作品紹介
『喪われた道(うしなわれたみち)』は、2007年に放送された内田康夫原作・浅見光彦シリーズの2時間サスペンスドラマ(シリーズ第31作)。BSフジ「サスペンス名作選」で何度も再放送される人気作です。主人公の浅見光彦は、東京・青梅と静岡・伊豆を結ぶ謎を追って、虚無僧と尺八にまつわる古い因縁の真相に迫っていきます。
物語は、東京・青梅で発見された会社役員の他殺体——遺体は虚無僧姿——という奇妙な発見から始まります。被害者は尺八の名人で、しかし名曲「滝落之曲(たきおちのきょく)」だけは生涯一度も吹かなかったとされる謎の人物。事件当日、伊豆・修善寺でも虚無僧が目撃されていたことが明らかになり、浅見光彦は青梅と伊豆を行き来しながら真相を追います。

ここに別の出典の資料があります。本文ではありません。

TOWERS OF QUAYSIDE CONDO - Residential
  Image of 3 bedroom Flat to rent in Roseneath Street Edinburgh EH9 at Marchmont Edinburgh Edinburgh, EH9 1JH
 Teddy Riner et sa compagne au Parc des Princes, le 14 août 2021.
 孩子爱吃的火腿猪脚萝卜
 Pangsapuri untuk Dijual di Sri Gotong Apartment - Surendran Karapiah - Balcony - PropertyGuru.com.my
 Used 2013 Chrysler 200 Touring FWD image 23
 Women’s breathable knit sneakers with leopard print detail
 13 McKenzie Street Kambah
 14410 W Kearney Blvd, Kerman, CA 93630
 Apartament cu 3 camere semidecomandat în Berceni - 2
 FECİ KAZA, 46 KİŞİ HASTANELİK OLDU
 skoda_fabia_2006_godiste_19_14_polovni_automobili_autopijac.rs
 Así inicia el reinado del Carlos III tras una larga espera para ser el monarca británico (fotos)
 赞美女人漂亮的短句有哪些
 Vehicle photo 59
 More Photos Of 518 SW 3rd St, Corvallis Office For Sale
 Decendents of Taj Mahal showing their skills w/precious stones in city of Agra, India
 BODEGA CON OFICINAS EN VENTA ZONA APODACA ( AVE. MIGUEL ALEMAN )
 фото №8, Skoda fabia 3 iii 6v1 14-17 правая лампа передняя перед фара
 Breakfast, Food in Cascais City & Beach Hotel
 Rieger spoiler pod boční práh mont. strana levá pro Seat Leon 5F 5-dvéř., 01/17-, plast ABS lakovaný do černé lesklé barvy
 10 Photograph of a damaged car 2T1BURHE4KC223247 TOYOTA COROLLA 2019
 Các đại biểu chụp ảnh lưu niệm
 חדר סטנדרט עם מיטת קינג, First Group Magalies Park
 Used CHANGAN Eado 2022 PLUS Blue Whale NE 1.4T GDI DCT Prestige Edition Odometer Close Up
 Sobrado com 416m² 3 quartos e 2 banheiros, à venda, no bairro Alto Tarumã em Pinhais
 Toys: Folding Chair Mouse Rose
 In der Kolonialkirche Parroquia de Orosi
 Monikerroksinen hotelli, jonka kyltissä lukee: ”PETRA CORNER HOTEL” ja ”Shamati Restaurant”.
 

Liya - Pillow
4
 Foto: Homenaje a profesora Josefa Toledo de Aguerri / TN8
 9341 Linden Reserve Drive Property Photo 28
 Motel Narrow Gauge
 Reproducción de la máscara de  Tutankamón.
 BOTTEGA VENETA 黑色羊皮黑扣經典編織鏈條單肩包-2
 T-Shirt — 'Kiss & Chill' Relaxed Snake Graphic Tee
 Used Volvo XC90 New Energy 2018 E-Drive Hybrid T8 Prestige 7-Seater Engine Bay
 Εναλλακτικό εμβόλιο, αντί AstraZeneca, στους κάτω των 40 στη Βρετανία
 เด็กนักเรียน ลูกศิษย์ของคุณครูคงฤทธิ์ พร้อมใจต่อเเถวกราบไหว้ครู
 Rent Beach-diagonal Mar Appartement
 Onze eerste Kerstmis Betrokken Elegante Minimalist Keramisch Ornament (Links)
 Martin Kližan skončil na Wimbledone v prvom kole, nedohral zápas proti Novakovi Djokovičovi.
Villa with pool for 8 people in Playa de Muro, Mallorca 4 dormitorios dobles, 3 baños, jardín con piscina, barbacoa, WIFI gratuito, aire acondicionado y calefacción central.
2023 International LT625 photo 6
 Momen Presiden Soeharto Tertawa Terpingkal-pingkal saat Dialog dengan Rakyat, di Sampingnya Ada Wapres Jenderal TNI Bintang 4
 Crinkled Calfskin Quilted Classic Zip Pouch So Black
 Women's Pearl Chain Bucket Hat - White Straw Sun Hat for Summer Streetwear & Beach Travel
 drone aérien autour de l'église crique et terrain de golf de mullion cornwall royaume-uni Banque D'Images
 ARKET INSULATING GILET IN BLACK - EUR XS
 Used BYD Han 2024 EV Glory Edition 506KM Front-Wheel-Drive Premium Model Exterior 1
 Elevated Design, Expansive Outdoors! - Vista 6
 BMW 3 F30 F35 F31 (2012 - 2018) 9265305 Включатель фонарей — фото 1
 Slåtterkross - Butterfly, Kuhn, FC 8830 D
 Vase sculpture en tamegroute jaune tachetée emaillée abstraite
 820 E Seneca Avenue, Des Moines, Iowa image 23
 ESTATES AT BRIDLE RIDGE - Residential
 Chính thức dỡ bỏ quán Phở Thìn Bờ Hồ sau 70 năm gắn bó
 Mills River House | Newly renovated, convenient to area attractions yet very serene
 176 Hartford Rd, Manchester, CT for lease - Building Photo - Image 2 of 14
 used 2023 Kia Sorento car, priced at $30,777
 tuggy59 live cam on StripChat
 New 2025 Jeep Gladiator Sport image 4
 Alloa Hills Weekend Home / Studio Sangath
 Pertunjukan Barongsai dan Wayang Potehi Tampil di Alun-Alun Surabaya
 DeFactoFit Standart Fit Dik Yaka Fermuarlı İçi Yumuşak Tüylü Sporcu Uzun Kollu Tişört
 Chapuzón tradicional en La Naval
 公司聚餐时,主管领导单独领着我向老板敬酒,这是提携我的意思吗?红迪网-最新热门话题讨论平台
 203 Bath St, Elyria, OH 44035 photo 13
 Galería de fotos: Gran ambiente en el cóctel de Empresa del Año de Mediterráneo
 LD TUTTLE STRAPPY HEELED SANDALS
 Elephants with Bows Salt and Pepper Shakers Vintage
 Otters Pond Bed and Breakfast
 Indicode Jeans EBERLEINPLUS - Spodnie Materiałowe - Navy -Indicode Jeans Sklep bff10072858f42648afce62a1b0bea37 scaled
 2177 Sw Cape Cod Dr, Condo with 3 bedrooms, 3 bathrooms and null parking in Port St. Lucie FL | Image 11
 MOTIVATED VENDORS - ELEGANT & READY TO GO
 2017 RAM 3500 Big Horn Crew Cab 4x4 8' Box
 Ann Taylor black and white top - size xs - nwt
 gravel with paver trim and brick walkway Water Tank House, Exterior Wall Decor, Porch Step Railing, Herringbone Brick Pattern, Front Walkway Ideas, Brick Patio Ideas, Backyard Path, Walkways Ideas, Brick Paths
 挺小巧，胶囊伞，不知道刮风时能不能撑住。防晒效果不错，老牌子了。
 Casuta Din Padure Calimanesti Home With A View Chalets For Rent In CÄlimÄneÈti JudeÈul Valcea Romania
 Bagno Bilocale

「滝落之曲」のルーツである旭滝、虚無僧の研究会、戦時中の埋蔵金伝説——複数の謎が絡み合う重層的なミステリーで、内田康夫作品ならではの旅情と歴史的奥行きが魅力です。
話題になったポイント
虚無僧と尺八をモチーフにした幻想性
サスペンスでありながら、虚無僧・尺八・滝落之曲という幽玄な要素が物語の中心に据えられている独自性。"滝の音と尺八の音"が象徴的に使われ、視覚と聴覚で楽しめるドラマです。
青梅と伊豆・修善寺の二大ロケ地
東京・青梅の梅郷と多摩川渓谷、静岡・伊豆の旭滝・修善寺・土肥金山と、二つの観光地を縦断する贅沢なロケ。地元の風景と歴史的な小道具が見事に物語に溶け込んでいます。
浅見光彦シリーズの代表作の一つ
BSフジで「名作選」として何度も再放送されているように、内田康夫ファンの間で評価の高い回。光彦のルポライターらしい知的探究心と、伊豆の旅情がマッチした作品として愛されています。
ロケ地ガイド
東京・青梅エリア(事件の発端)
会社役員の遺体が発見された梅郷と、虚無僧目撃地の周辺。多摩川渓谷の自然と古い酒蔵が特徴的な風景を作っています。
静岡・伊豆エリア(物語の核心)
「滝落之曲」のルーツとなった旭滝や、土肥金山・修善寺など、伊豆観光の名所がそのままロケ地。
- 旭滝:滝落之曲発祥の地(伊豆市大平)
- 大平神社:浅見光彦と羽田記子が訪れる神社
- 土肥金山:浅見と記子の調査現場
- 玉樟園新井:浅見と記子が宿泊した旅館
- 源頼家の墓:歴史的な調査スポット(修善寺)
- 天正金鉱:佐瀬信夫の殺害現場(坑道口)
- 桂川の桂橋:浅見と井野の対話シーン
- 日枝神社:羽田栄三と井野の密会場所
東京・都内エリア(その他)
聖地巡礼のおすすめルート
1日目:青梅渓谷コース
JR青梅線・御嶽駅で下車し、御岳小橋・軍畑大橋・青梅梅郷を散策。小澤酒造(澤乃井)で酒蔵見学&試飲も楽しめる、ファミリーにもおすすめの巡礼コース。多摩川渓谷の絶景がドラマの世界を追体験させてくれます。
2日目:伊豆・修善寺+土肥金山コース
修善寺温泉に1泊し、源頼家の墓・桂橋・日枝神社・やまびこそばを徒歩で。翌日は土肥方面へ移動し、土肥金山・天正金鉱・大平神社・旭滝を回るドライブコース。温泉と歴史と滝、伊豆を満喫できる王道ルートです。
視聴者の声・評判
評価スコア
浅見光彦シリーズの中でも"幽玄系"の代表作として評価され、BSフジでの再放送のたびに視聴者を獲得しています。
好評だったポイント
「虚無僧と尺八という題材が新鮮で美しい」「青梅と伊豆の二大ロケ地が観光気分も楽しめる」「浅見光彦らしい知的な推理が冴える回」「滝落之曲のラストの余韻が忘れられない」など、シリーズファンからも一見の視聴者からも好評を得ました。内田康夫の旅情ミステリーの真骨頂が味わえる一作です。